What you will do: Once you reach the line containing "Certified 2025 Toyota Highlander XLE image 3", return it and every line after it exactly, through the end of the records below, with no pictures.
BEGIN Data for analysis
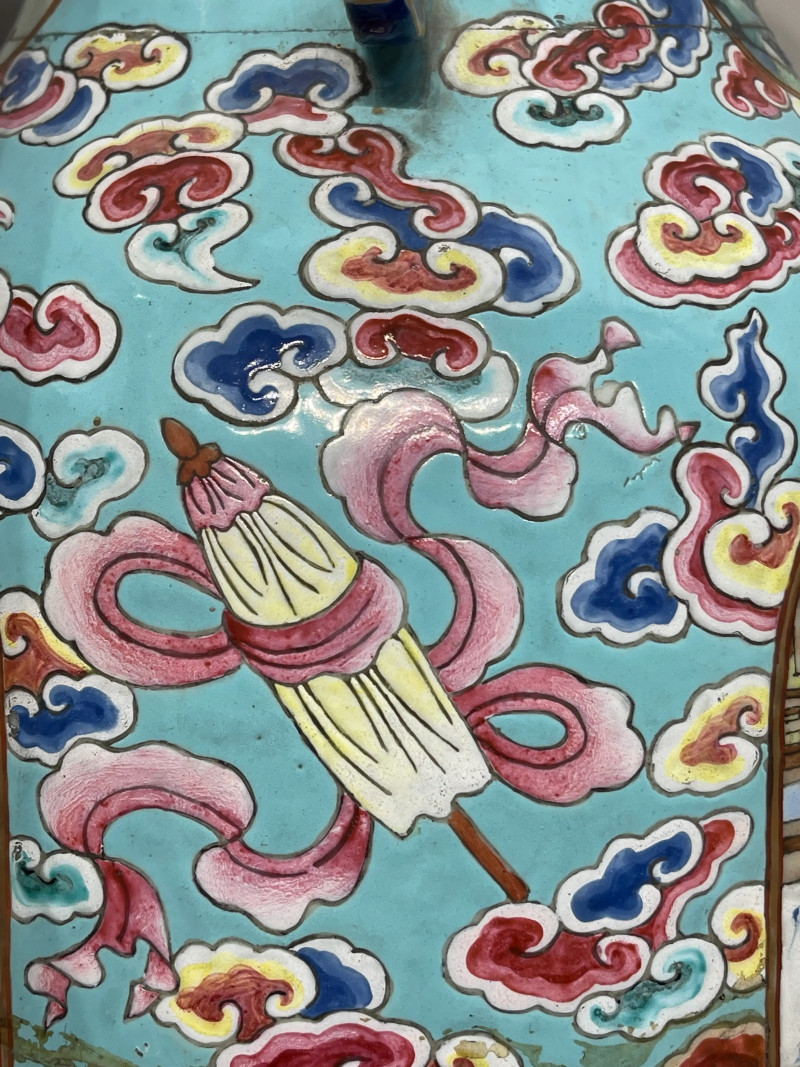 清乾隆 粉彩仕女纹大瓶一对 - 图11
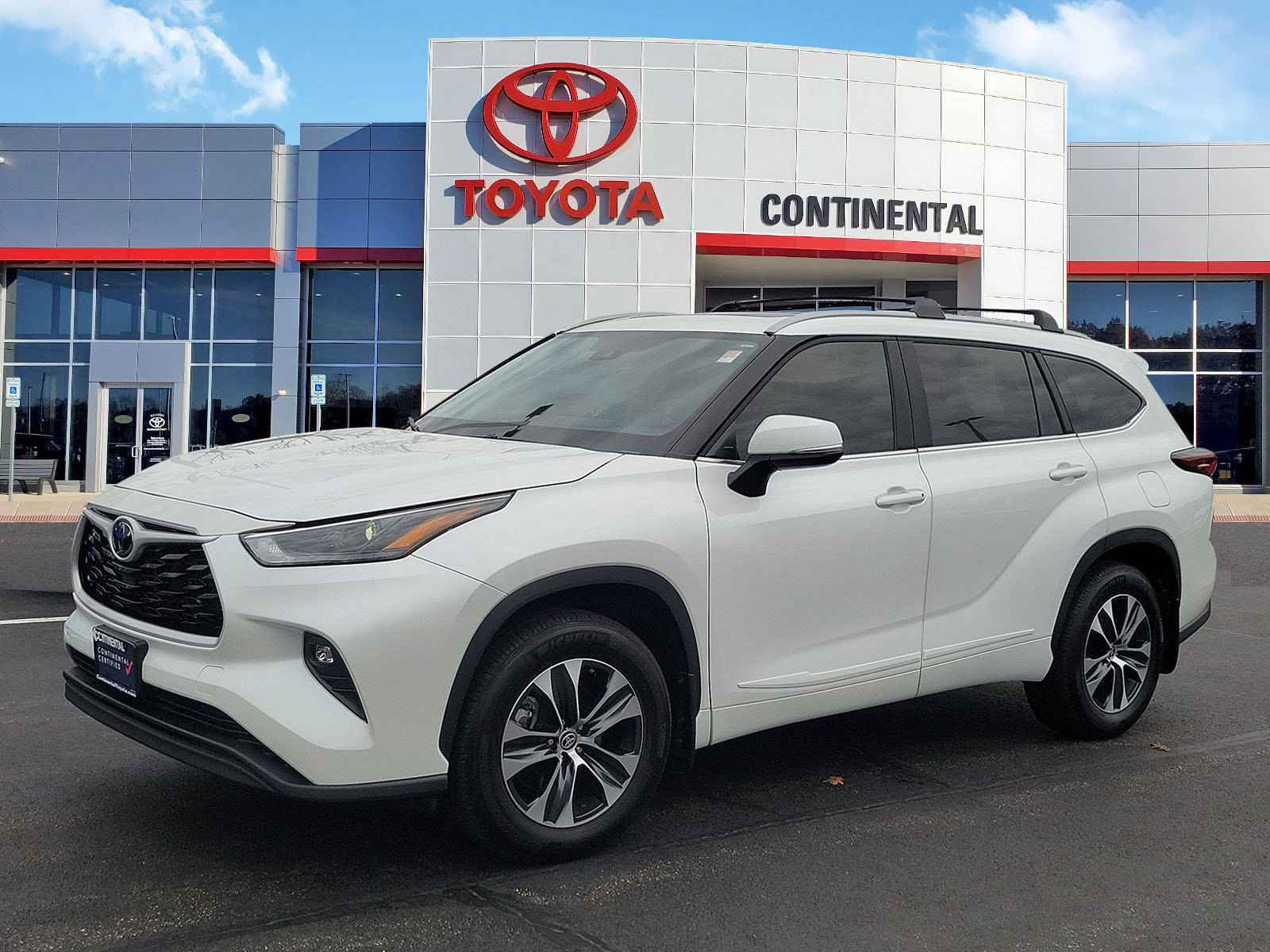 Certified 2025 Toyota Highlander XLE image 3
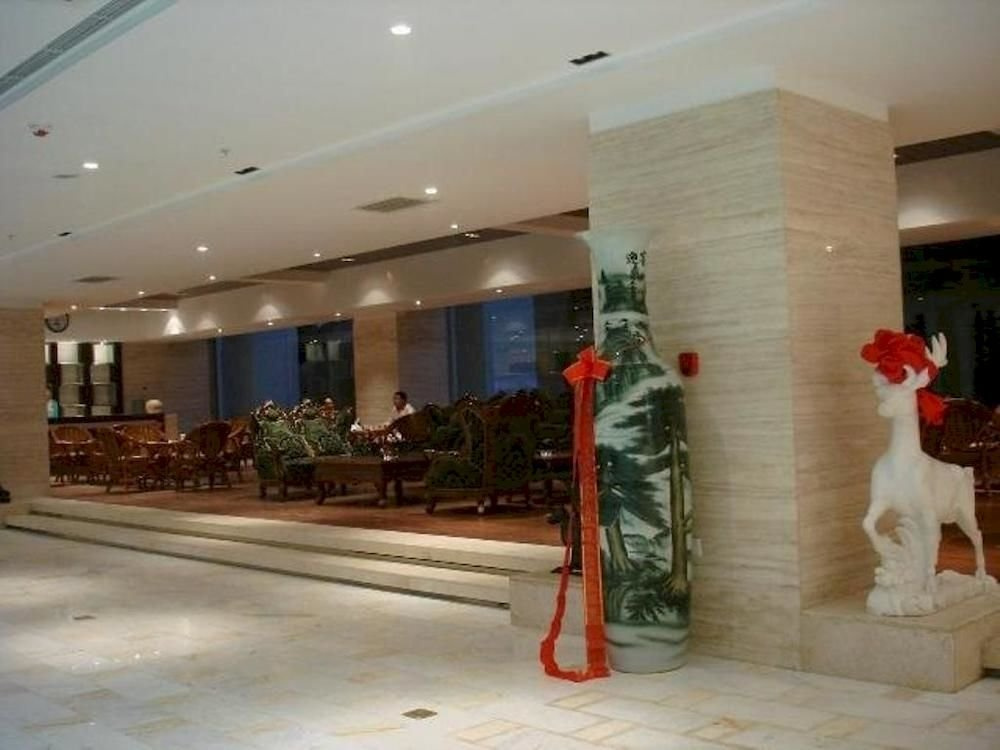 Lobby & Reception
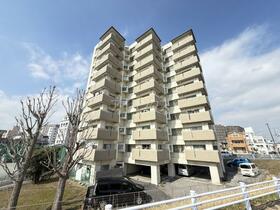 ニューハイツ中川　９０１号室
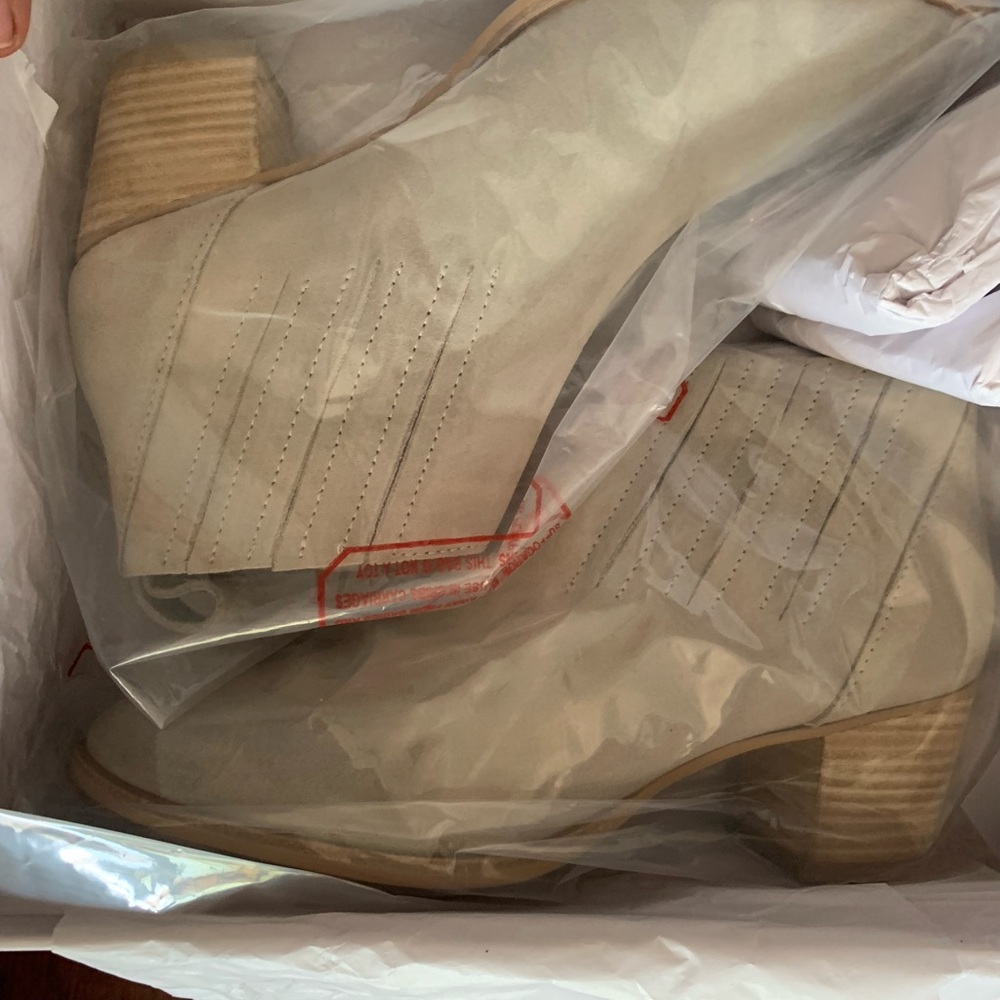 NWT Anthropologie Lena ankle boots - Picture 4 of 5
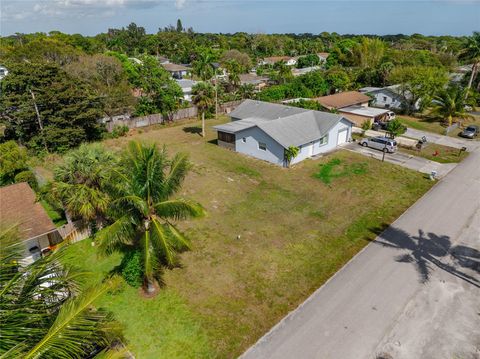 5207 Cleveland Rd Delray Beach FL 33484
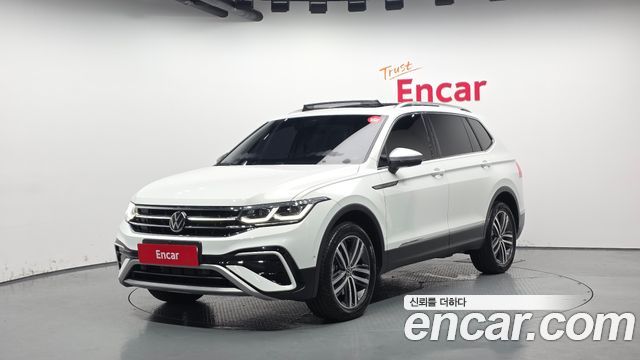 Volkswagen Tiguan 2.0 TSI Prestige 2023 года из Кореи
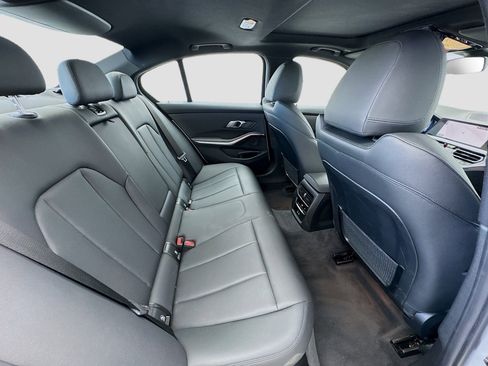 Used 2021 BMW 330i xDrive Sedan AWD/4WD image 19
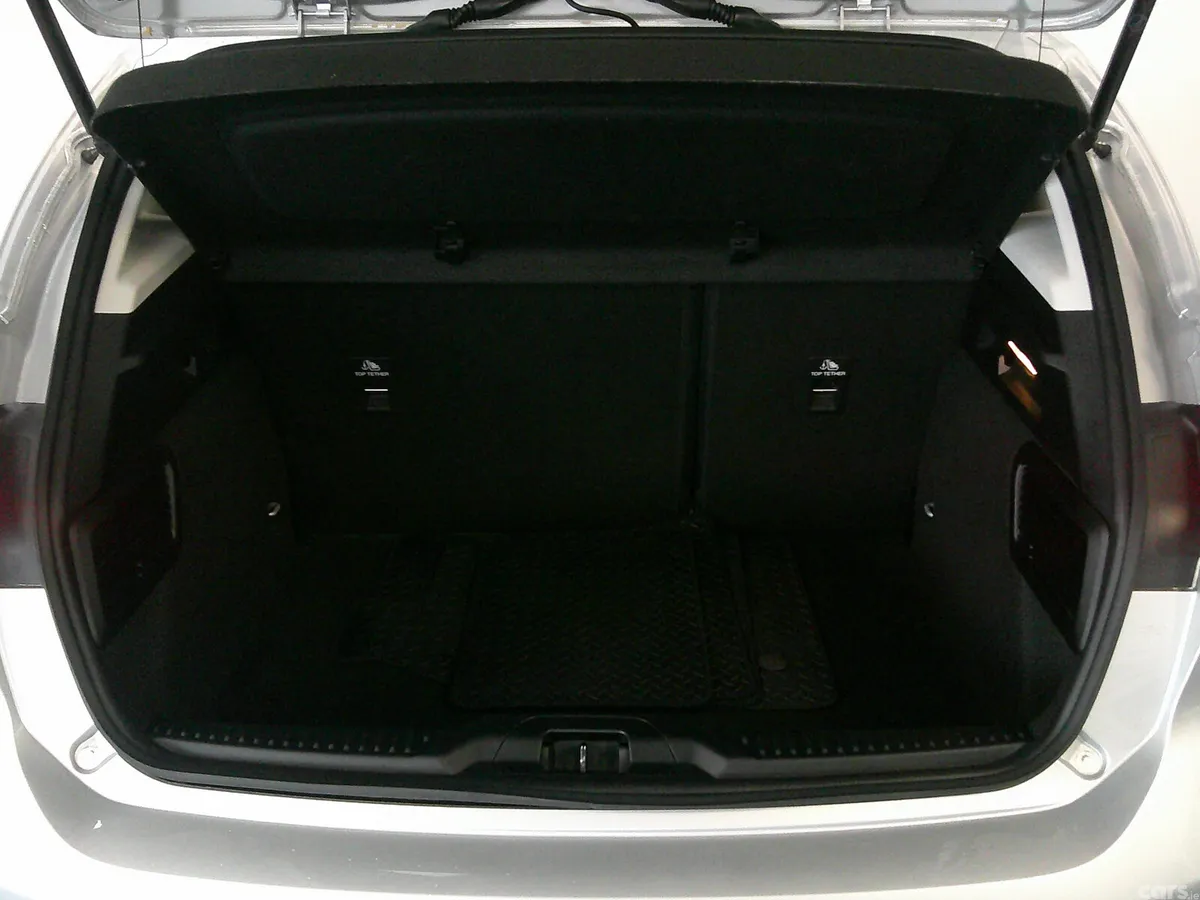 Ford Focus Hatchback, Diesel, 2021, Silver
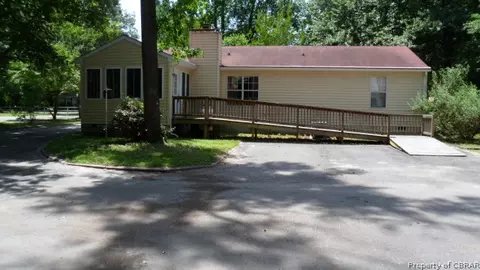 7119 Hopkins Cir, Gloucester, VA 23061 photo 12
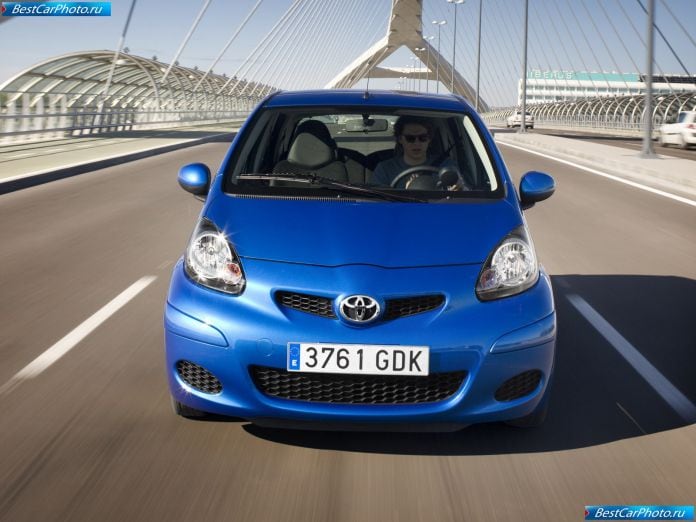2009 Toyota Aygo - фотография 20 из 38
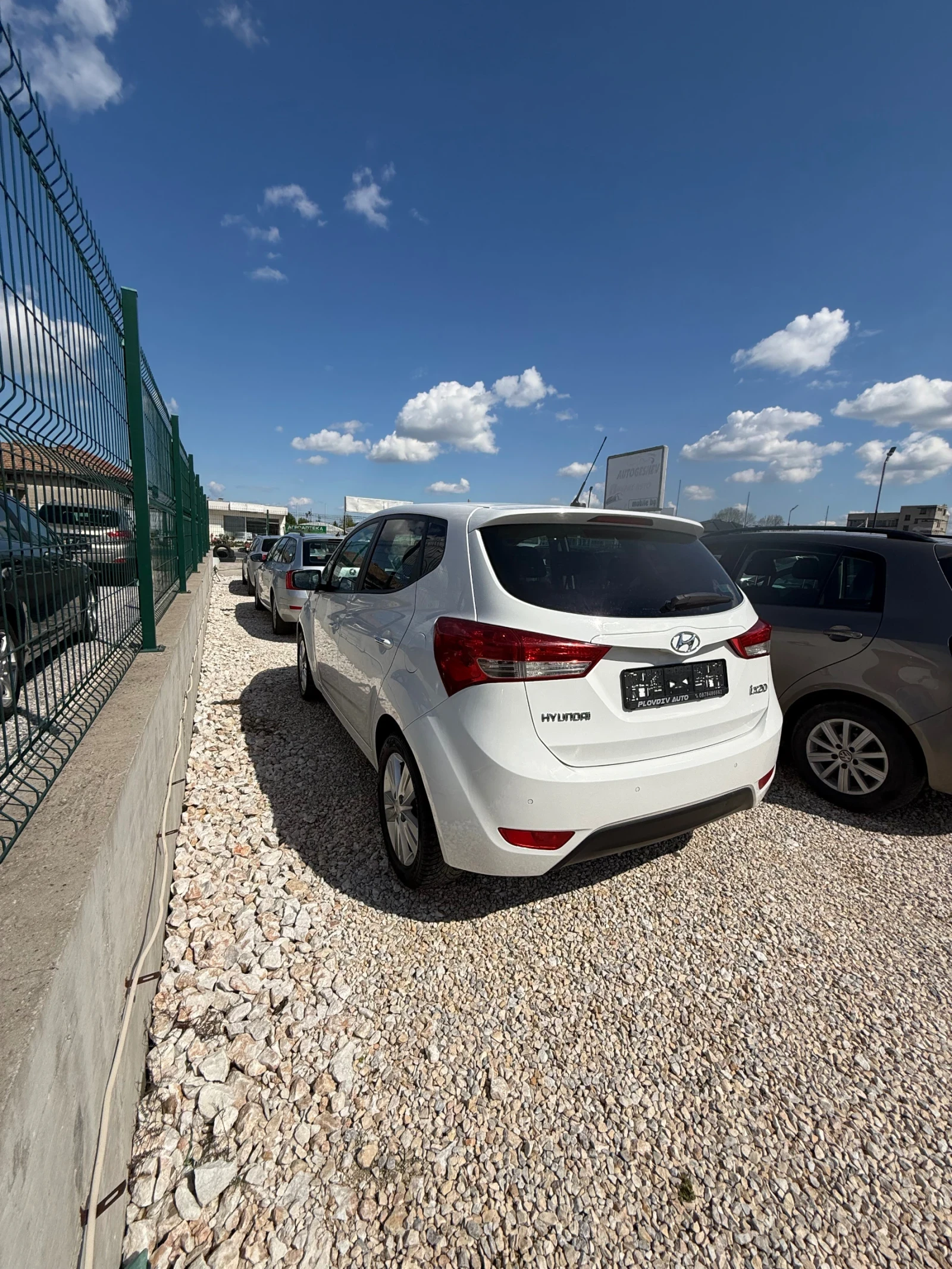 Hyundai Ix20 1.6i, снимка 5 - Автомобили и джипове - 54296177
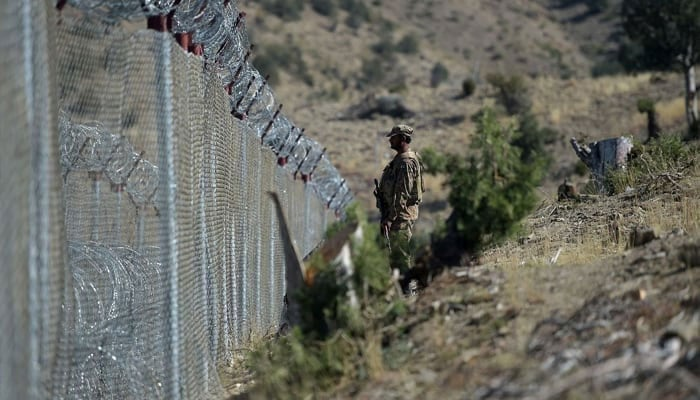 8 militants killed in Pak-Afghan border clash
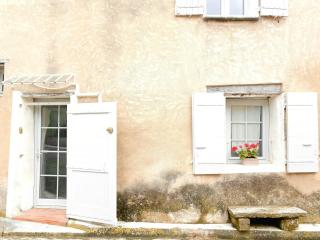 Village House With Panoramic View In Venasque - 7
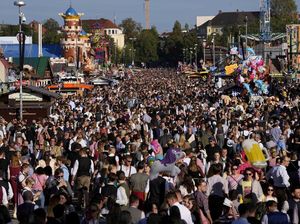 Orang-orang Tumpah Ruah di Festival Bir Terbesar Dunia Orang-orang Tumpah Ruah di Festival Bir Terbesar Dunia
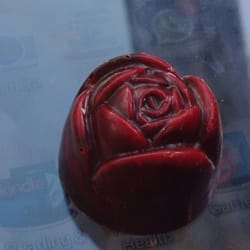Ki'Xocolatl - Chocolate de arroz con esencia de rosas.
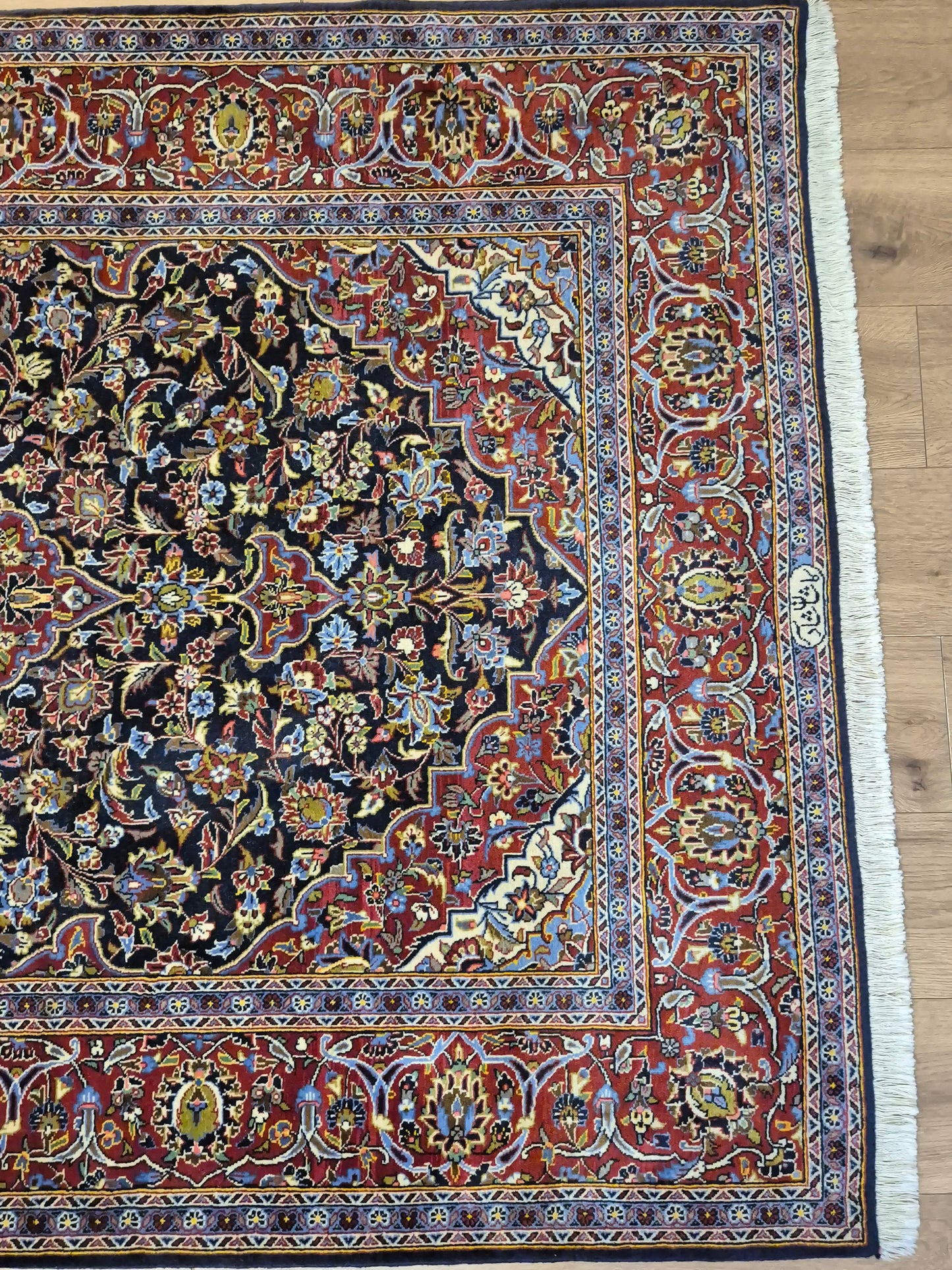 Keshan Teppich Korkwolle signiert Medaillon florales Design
END Data for analysis
Completed exercise:
 Certified 2025 Toyota Highlander XLE image 3
 Lobby & Reception
 ニューハイツ中川　９０１号室
 NWT Anthropologie Lena ankle boots - Picture 4 of 5
 5207 Cleveland Rd Delray Beach FL 33484
 Volkswagen Tiguan 2.0 TSI Prestige 2023 года из Кореи
 Used 2021 BMW 330i xDrive Sedan AWD/4WD image 19
 Ford Focus Hatchback, Diesel, 2021, Silver
 7119 Hopkins Cir, Gloucester, VA 23061 photo 12
2009 Toyota Aygo - фотография 20 из 38
 Hyundai Ix20 1.6i, снимка 5 - Автомобили и джипове - 54296177
 8 militants killed in Pak-Afghan border clash
 Village House With Panoramic View In Venasque - 7
 Orang-orang Tumpah Ruah di Festival Bir Terbesar Dunia Orang-orang Tumpah Ruah di Festival Bir Terbesar Dunia
Ki'Xocolatl - Chocolate de arroz con esencia de rosas.
 Keshan Teppich Korkwolle signiert Medaillon florales Design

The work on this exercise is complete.